(The records Opens)
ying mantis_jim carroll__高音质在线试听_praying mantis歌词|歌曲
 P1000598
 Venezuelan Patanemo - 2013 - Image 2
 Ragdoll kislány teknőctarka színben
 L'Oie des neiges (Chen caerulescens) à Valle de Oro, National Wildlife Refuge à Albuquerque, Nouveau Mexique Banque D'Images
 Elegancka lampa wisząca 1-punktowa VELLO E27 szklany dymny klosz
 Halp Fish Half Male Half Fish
(The records Closes)
- [Aim of the task]:
Only the lines from the one containing "Elegancka lampa wisząca" through the last line of the records should appear, each written out exactly.

- [Your response]:
 Elegancka lampa wisząca 1-punktowa VELLO E27 szklany dymny klosz
 Halp Fish Half Male Half Fish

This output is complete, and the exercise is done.